Every cgroup is a directory in the cgroup virtual filesystem (mounted at /sys/fs/cgroup). Creating a cgroup is mkdir /sys/fs/cgroup/myapp; assigning a process is echo $PID > /sys/fs/cgroup/myapp/cgroup.procs. Limits are written as plaintext files. A pod cgroup tree looks like:

  • /sys/fs/cgroup/kubepods.slice/ — root pod cgroup
  • kubepods-burstable.slice/ — Burstable QoS class
  • kubepods-burstable-pod<UUID>.slice/ — one pod
  • cri-containerd-<CONTAINER_ID>.scope/ — one container
  • cgroup.procs — list of PIDs in this cgroup
  • cpu.max, cpu.weight, cpu.stat
  • memory.max, memory.current, memory.events, memory.pressure
  • io.max, io.stat, io.pressure
  • pids.max, pids.current

Reads are O(1) (kernel maintains atomic counters); writes are validated synchronously. A typical Kubernetes node has 1,000–5,000 cgroup directories, each backed by a few hundred bytes of in-kernel state plus VFS inodes — overhead is negligible compared to the workloads.
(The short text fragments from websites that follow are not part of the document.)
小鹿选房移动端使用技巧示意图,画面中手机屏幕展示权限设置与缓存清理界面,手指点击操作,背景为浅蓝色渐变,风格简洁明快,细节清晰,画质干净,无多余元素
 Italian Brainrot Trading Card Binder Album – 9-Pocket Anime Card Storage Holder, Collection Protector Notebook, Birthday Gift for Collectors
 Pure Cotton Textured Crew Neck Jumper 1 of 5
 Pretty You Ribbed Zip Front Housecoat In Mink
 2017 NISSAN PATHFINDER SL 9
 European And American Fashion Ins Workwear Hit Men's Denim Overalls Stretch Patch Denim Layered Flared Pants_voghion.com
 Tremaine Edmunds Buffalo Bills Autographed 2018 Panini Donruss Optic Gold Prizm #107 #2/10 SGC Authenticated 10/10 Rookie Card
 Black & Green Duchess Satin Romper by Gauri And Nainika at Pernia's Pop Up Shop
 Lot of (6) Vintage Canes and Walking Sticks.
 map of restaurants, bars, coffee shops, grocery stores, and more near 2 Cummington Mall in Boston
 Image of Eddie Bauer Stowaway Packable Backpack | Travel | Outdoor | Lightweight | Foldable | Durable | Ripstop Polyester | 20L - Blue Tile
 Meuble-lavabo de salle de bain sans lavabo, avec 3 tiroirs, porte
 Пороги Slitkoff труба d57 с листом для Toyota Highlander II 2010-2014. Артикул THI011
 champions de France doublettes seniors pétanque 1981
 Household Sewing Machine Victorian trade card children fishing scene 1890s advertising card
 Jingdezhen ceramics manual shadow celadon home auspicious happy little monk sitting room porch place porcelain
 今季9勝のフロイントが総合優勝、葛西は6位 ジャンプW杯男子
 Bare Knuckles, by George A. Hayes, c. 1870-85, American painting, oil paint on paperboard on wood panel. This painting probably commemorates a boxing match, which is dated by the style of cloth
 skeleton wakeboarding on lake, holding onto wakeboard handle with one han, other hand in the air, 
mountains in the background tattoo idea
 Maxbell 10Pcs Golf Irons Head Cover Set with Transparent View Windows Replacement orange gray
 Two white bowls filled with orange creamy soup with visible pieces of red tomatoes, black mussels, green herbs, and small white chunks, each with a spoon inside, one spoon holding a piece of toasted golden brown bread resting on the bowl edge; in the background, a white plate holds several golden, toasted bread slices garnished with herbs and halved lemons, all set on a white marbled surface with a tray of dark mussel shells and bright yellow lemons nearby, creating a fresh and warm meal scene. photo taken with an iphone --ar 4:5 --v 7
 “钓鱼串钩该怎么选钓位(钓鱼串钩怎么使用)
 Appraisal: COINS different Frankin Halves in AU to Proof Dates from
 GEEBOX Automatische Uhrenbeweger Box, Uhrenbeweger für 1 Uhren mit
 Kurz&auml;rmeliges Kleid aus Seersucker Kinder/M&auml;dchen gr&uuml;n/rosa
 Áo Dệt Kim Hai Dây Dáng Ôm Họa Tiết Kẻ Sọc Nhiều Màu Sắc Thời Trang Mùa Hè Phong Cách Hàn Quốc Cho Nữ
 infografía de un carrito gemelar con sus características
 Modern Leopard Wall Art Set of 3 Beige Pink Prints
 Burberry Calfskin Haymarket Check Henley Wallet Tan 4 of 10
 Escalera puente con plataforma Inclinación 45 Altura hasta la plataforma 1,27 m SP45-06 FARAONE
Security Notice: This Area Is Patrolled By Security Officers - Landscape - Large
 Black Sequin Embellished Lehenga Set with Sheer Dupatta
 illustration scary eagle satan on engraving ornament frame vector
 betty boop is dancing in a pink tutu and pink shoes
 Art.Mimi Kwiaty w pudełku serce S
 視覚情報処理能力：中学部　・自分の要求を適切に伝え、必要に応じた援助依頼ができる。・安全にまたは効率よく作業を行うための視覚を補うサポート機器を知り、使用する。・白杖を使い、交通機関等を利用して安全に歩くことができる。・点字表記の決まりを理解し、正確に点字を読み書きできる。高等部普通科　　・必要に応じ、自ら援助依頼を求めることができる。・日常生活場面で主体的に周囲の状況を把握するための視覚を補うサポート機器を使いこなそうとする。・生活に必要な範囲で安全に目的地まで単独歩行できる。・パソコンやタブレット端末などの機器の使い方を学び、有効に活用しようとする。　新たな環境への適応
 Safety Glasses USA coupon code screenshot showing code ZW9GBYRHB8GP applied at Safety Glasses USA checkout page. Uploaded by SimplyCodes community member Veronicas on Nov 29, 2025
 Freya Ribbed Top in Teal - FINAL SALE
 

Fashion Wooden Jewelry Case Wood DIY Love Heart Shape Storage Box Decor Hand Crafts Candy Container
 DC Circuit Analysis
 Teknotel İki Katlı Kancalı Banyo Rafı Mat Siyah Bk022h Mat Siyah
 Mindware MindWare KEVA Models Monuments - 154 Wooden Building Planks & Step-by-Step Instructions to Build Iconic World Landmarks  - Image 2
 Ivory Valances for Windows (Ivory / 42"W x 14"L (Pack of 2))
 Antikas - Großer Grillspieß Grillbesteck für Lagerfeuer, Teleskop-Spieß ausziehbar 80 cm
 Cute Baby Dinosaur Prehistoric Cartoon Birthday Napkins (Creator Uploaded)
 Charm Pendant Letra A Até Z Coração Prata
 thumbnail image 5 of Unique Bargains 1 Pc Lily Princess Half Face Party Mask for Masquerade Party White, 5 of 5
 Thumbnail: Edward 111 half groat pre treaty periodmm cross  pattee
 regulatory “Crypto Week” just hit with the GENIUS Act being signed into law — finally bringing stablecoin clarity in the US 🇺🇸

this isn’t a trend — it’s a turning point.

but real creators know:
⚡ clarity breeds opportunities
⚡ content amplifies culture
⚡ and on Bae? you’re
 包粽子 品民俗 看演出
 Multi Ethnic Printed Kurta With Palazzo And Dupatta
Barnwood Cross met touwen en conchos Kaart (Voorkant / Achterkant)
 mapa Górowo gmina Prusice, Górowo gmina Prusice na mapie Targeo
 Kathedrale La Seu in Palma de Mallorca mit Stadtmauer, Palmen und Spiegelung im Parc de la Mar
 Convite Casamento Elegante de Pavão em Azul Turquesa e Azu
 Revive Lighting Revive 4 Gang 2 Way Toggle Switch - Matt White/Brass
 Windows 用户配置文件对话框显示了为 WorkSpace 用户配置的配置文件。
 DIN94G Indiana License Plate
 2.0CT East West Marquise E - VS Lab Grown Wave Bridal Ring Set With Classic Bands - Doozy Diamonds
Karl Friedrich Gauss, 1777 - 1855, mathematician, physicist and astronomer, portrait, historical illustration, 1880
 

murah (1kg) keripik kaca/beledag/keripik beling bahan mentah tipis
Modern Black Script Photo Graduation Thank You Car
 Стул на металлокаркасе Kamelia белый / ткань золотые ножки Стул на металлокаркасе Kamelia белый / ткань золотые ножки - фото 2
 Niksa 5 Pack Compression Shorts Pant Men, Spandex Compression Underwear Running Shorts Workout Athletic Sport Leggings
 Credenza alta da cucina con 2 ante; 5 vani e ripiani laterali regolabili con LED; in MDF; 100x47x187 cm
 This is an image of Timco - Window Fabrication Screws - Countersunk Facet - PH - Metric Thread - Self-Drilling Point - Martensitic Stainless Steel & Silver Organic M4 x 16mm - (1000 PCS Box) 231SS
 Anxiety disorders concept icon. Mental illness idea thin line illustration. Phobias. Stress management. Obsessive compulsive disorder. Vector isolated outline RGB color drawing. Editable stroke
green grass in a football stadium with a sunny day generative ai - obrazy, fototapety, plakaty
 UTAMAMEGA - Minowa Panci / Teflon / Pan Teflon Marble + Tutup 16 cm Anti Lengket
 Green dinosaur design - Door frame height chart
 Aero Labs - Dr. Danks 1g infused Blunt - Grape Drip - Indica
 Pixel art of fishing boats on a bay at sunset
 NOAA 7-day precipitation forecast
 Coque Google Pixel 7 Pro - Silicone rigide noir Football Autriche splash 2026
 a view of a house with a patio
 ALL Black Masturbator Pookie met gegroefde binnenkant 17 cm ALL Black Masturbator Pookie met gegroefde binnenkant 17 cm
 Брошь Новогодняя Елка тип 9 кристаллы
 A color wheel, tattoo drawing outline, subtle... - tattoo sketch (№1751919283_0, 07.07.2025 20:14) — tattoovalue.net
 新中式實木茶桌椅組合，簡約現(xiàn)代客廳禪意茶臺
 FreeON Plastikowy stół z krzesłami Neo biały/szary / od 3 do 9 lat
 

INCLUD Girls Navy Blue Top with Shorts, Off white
The CPU controller in detail

Two parameters shape CPU behaviour. cpu.max is a hard cap (CFS bandwidth controller): "quota period" in microseconds. "50000 100000" means 50 ms of CPU time per 100 ms wall-clock window — equivalent to 0.5 CPUs averaged. The CFS scheduler tracks per-task runtime; when the cgroup's quota is exhausted mid-period, every task in the cgroup is throttled until the period boundary. cpu.stat exposes nr_throttled and throttled_usec — large values mean your latency-sensitive workload is hitting its cap and stalling. Common in Kubernetes; the fix is either raising the limit, lowering the period (controversial), or removing the limit entirely for non-bursty workloads.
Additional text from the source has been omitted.